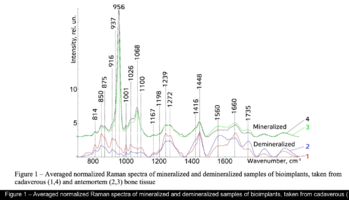  Averaged normalized Raman spectra of mineralized and demineralized samples of bioimplants, taken from cadaverous (1,4) and antemortem (2,3) bone tissue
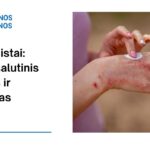 % Elidel: nauda, galimas šalutinis poveikis, kaip vartoti ir dar daugiau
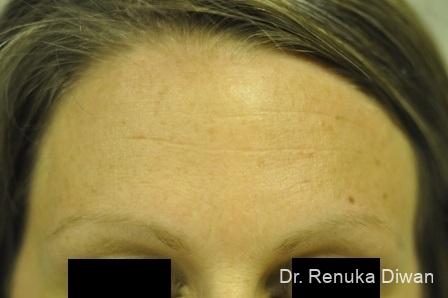 Forehead Creases: Patient 1 - After  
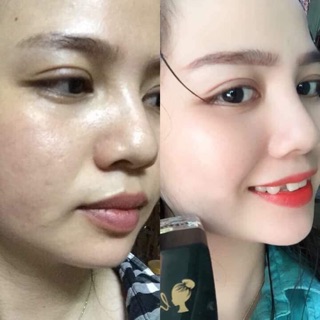 Face trắng hồng HM STORE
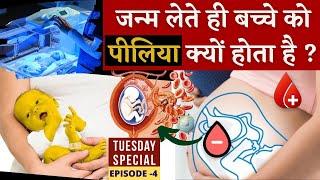 नवजात शिशु में पीलिया क्यों होता है ? क्या करे | How to handle Jaundice in Newborn? In Hindi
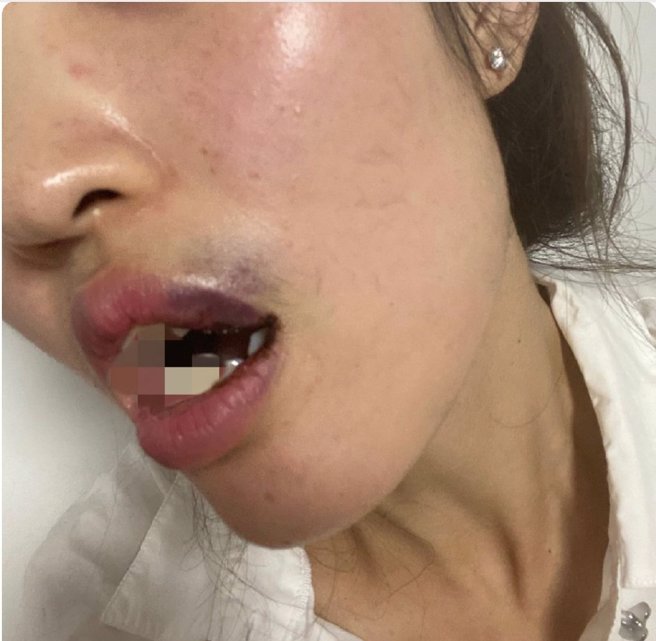 吴翰前女友先前指控男方家暴，更曝光她的嘴角溅血瘀青照。(图／撷取自微博）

• • • • •

:: ABOUT THIS EXERCISE ::
The lines to copy begin at the one containing "Face trắng hồng HM STORE" and end at the last line of the records. Set down exactly those lines and no others, both ends included, and omit all pictures.

:: WRITTEN SOLUTION ::
 Face trắng hồng HM STORE
 नवजात शिशु में पीलिया क्यों होता है ? क्या करे | How to handle Jaundice in Newborn? In Hindi
 吴翰前女友先前指控男方家暴，更曝光她的嘴角溅血瘀青照。(图／撷取自微博）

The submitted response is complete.